Understanding Probate and Non-Probate Assets
When a loved one passes away, their estate goes through a legal process known as probate. This involves validating the will, paying off debts, and distributing the remaining assets to the beneficiaries. However, not all assets go through probate. Some assets, known as non-probate assets, pass directly to the beneficiaries. These may include:
    • Life insurance policies
    • Retirement accounts
    • Jointly owned property
As a beneficiary, you’ll need to complete claim forms for these non-probate assets. Effective communication with the executor or trustee is crucial to ensure a smooth transition of these assets.
CAUTION: Be cautious with inherited traditional IRAs and capital gains assets, as they may have tax implications. Income taxes from traditional IRAs and capital gains taxes from the sale of assets are calculated from the date of death. Consulting with a tax professional is advisable to understand these implications fully.
Receiving an Inheritance: Trust or Outright?

Inheritances can be received in trust or outright.

    • Inheritance in Trust: Review the distribution provisions of the trust to understand when and how you’ll receive your inheritance.
    • Inheritance Outright: You’ll have immediate control over the assets.

It’s important to maintain separate property, especially if you’re married. This means keeping your inherited assets separate from your spouse’s assets to protect them from potential future claims. Additionally, update your estate planning documents to address the new assets, ensuring that your wishes will be carried out upon your death.

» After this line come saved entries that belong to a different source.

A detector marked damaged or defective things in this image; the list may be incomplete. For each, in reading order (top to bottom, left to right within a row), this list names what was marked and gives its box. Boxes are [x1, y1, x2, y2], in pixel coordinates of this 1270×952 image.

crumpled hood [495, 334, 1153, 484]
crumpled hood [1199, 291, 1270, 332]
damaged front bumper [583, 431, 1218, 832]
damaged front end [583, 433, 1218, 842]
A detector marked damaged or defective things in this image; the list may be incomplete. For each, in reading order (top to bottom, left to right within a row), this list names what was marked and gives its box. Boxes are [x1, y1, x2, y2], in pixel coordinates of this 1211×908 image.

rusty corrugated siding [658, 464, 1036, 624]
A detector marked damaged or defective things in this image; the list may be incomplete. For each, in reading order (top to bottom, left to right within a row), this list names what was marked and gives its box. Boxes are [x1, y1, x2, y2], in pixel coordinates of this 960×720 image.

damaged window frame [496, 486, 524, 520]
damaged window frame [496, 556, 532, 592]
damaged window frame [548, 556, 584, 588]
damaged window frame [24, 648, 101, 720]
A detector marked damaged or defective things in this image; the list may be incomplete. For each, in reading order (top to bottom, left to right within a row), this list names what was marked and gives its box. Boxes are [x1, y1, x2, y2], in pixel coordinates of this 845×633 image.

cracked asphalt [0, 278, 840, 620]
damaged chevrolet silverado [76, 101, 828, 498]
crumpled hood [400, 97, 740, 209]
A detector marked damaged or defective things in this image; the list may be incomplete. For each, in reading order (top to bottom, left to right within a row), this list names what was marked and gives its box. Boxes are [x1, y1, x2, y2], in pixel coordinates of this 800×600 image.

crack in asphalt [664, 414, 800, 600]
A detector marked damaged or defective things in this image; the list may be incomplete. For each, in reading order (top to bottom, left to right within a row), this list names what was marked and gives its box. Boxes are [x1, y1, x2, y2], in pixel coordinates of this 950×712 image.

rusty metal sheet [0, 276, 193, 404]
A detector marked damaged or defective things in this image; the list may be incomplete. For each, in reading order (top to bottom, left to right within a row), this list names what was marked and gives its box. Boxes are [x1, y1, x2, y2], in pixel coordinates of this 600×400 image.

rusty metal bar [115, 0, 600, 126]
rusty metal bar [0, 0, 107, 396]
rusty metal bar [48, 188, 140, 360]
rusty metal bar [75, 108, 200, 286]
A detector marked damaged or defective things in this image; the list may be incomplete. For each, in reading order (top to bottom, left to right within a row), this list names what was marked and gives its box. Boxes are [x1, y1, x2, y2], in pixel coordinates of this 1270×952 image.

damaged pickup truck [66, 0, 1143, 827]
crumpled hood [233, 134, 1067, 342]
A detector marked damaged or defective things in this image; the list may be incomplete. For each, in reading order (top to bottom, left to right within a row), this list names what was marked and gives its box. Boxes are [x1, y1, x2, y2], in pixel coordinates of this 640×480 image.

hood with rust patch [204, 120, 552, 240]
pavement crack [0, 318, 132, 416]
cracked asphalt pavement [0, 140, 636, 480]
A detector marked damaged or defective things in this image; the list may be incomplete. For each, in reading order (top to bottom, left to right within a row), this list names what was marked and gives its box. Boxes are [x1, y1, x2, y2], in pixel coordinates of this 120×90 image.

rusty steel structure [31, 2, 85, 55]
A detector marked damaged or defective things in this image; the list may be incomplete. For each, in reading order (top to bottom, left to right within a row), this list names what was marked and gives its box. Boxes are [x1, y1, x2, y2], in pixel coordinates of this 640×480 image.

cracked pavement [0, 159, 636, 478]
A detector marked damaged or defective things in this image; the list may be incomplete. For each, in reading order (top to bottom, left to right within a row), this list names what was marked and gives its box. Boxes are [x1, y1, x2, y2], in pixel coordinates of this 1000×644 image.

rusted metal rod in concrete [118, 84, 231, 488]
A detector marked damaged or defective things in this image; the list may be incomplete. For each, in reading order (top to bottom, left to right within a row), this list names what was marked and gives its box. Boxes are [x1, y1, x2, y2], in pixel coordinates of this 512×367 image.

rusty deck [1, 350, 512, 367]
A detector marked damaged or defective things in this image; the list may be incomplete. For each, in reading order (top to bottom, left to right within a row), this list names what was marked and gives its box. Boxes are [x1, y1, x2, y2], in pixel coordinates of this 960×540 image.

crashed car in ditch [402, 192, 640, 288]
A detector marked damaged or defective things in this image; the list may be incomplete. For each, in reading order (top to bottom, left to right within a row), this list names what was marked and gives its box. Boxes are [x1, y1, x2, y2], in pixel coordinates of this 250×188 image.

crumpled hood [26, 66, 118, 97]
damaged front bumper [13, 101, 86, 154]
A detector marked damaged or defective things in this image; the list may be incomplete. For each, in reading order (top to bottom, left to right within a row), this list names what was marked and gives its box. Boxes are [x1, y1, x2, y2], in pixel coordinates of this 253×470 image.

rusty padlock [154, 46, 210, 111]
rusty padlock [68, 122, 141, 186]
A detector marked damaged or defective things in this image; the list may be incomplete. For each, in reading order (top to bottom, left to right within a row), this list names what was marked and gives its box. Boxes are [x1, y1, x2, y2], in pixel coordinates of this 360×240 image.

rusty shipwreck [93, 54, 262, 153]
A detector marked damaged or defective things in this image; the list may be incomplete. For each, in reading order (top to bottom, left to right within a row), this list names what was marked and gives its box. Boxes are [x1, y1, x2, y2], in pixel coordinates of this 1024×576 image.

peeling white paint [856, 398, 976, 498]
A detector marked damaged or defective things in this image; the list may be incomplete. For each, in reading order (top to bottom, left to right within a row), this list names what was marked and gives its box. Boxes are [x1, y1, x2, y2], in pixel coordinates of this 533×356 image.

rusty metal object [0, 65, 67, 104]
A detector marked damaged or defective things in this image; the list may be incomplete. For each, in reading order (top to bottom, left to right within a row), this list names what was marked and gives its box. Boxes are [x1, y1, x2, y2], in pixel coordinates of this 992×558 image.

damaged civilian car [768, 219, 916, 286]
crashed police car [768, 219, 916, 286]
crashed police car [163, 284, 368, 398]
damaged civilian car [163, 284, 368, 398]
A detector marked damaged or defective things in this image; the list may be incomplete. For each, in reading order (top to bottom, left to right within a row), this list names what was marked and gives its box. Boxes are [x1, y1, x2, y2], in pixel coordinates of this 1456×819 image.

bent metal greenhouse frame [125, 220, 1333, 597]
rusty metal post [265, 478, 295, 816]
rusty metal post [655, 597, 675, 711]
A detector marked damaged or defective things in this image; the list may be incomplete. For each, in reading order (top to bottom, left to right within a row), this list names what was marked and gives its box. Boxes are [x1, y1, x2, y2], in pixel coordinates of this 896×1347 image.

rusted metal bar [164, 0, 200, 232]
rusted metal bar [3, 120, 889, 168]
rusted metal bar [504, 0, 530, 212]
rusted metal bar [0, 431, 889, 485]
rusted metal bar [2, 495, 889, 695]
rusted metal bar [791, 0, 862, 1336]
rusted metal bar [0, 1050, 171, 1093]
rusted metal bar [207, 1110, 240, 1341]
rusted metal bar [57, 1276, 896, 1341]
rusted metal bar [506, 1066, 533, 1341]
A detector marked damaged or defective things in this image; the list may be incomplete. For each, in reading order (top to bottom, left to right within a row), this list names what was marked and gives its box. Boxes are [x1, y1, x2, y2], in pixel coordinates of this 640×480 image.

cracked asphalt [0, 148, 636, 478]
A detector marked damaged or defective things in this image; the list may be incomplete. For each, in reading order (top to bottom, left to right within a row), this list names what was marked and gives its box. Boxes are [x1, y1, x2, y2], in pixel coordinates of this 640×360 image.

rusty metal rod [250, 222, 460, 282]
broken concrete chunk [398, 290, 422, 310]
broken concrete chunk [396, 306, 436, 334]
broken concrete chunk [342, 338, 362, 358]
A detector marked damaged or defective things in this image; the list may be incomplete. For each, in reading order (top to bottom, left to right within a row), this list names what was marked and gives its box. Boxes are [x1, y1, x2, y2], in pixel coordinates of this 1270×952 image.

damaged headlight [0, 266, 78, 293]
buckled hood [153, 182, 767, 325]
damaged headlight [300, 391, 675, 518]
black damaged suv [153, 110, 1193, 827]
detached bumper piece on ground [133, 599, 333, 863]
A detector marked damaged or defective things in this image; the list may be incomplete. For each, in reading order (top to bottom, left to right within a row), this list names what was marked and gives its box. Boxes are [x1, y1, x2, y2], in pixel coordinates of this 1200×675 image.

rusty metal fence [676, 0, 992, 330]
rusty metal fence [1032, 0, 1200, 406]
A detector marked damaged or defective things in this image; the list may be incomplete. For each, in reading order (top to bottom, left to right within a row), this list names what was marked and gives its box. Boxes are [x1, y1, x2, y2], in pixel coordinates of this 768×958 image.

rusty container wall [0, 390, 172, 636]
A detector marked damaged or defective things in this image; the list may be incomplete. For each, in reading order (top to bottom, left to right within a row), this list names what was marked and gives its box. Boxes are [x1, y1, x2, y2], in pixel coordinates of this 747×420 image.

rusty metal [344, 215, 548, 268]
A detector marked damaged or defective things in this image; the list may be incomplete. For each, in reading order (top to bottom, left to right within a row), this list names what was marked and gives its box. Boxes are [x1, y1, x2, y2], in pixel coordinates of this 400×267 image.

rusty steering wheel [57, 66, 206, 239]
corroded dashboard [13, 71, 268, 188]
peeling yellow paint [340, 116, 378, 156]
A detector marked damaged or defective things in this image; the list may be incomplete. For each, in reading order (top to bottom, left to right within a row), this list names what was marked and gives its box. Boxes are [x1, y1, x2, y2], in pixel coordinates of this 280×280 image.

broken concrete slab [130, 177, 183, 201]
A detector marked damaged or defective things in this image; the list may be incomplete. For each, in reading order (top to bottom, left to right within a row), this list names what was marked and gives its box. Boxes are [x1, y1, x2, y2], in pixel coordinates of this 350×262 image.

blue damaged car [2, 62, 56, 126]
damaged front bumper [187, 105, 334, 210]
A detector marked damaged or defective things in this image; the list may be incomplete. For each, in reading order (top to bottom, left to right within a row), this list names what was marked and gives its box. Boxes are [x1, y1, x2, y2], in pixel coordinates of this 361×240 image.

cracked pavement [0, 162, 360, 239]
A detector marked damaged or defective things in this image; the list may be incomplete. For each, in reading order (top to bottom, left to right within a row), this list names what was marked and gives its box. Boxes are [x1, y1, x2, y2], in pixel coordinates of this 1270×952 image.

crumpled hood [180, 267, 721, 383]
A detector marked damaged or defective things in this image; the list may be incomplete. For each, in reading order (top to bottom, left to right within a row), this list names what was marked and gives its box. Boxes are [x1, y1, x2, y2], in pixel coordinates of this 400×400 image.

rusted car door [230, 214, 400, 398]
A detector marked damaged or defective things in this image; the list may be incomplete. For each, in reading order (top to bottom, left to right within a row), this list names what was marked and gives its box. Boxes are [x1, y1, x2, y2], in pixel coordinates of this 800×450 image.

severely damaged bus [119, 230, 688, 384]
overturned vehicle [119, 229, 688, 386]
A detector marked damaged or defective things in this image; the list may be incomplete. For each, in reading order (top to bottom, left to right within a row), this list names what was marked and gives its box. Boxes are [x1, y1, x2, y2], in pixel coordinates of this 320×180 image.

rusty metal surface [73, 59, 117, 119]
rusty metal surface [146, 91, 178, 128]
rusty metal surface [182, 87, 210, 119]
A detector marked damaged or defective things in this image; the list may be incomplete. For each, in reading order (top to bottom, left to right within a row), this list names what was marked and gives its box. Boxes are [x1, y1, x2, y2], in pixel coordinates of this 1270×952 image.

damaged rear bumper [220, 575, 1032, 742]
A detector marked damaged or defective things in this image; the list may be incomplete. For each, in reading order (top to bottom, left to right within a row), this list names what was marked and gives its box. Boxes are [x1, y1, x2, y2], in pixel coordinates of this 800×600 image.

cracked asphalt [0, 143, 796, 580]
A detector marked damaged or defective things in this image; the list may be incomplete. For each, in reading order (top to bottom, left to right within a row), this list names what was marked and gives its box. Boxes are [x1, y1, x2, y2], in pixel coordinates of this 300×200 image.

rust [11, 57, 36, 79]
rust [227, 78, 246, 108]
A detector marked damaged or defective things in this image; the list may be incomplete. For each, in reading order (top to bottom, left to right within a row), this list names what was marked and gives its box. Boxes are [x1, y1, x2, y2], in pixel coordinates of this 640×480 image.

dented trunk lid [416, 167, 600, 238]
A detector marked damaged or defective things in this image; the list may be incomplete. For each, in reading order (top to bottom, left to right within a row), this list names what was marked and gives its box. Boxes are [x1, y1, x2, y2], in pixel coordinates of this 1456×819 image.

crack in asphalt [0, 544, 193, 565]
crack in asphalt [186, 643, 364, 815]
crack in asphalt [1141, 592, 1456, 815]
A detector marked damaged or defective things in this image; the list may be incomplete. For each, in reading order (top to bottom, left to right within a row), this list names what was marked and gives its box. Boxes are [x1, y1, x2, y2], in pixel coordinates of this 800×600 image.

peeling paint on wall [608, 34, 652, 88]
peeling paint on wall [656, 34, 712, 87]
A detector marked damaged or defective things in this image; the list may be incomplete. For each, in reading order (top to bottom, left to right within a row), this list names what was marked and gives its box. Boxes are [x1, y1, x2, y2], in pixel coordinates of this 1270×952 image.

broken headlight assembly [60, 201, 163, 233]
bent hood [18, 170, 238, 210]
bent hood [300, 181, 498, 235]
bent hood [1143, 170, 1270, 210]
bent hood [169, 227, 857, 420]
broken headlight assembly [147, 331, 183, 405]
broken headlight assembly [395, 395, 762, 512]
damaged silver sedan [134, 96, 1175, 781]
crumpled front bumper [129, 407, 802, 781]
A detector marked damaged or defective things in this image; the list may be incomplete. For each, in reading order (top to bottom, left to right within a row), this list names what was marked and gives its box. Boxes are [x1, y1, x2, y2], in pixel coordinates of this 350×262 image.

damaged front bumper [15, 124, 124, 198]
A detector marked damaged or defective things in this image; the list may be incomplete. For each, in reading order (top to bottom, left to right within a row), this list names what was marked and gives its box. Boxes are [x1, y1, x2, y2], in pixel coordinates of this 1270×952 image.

Ensuring Asset Protection and Tax Efficiency in Washington State
In Washington State, the estate tax exclusion amount is relatively low compared to federal thresholds. As of 2023, the exclusion amount is $2.193 million. If the estate exceeds this amount, it may be subject to state estate taxes, which can significantly impact the inheritance.
To ensure asset protection and tax efficiency for an inheritance, consider the following strategies:
    • Work Closely with the Grantor: Collaborate with the grantor, often a parent, to ensure the inheritance is structured for maximum asset protection and tax efficiency. Understanding the grantor’s intentions helps manage the inheritance according to their wishes.
    • Set Up an Inheritor’s Trust: Given the low estate tax exclusion amount in Washington State, setting up an inheritor’s trust is particularly important for inheritances that exceed this threshold. An inheritor’s trust provides asset protection and ensures a tax-efficient transfer to future generations. This trust structure helps mitigate estate taxes and protects the assets from unnecessary diminution.
    • Consult with Professionals: Engage with legal, financial, and tax advisors to address the complexities of inheritance. These professionals offer valuable guidance on estate planning, tax implications, and asset protection, ensuring all legal and financial aspects are properly addressed.

Implementing these strategies helps maintain the value of the inheritance and secures its transfer to future generations. Effective communication with the grantor and consultation with professionals are key to successfully safeguarding the inheritance.

Receiving an inheritance involves a mix of emotions and important financial decisions. Understanding the differences between probate and non-probate assets, being aware of tax implications, and choosing between trust or outright inheritance are crucial steps. In Washington State, where the estate tax exclusion amount is relatively low, collaborating with the grantor, setting up an inheritor’s trust, and consulting with professionals can help protect and efficiently manage the inheritance. Implementing these strategies ensures the value of the inheritance is maintained and securely transferred to future generations.